INPUT DATA =
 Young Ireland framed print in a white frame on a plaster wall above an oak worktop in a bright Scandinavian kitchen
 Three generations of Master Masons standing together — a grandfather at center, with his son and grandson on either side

...

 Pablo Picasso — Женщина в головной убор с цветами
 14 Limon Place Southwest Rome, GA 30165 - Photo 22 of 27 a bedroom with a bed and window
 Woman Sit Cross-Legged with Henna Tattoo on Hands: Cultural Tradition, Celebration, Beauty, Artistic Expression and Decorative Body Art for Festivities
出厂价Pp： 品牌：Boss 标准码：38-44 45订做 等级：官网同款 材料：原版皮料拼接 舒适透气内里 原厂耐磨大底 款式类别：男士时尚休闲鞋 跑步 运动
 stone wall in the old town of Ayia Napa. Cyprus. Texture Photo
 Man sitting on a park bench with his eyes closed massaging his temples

EXERCISE BRIEF = From the entries above, give again exactly the lines running from the line with "出厂价Pp： 品牌：Boss 标准码：38-44" to the line with "Man sitting on"; include both of those lines.

TASK ANSWER =
出厂价Pp： 品牌：Boss 标准码：38-44 45订做 等级：官网同款 材料：原版皮料拼接 舒适透气内里 原厂耐磨大底 款式类别：男士时尚休闲鞋 跑步 运动
 stone wall in the old town of Ayia Napa. Cyprus. Texture Photo
 Man sitting on a park bench with his eyes closed massaging his temples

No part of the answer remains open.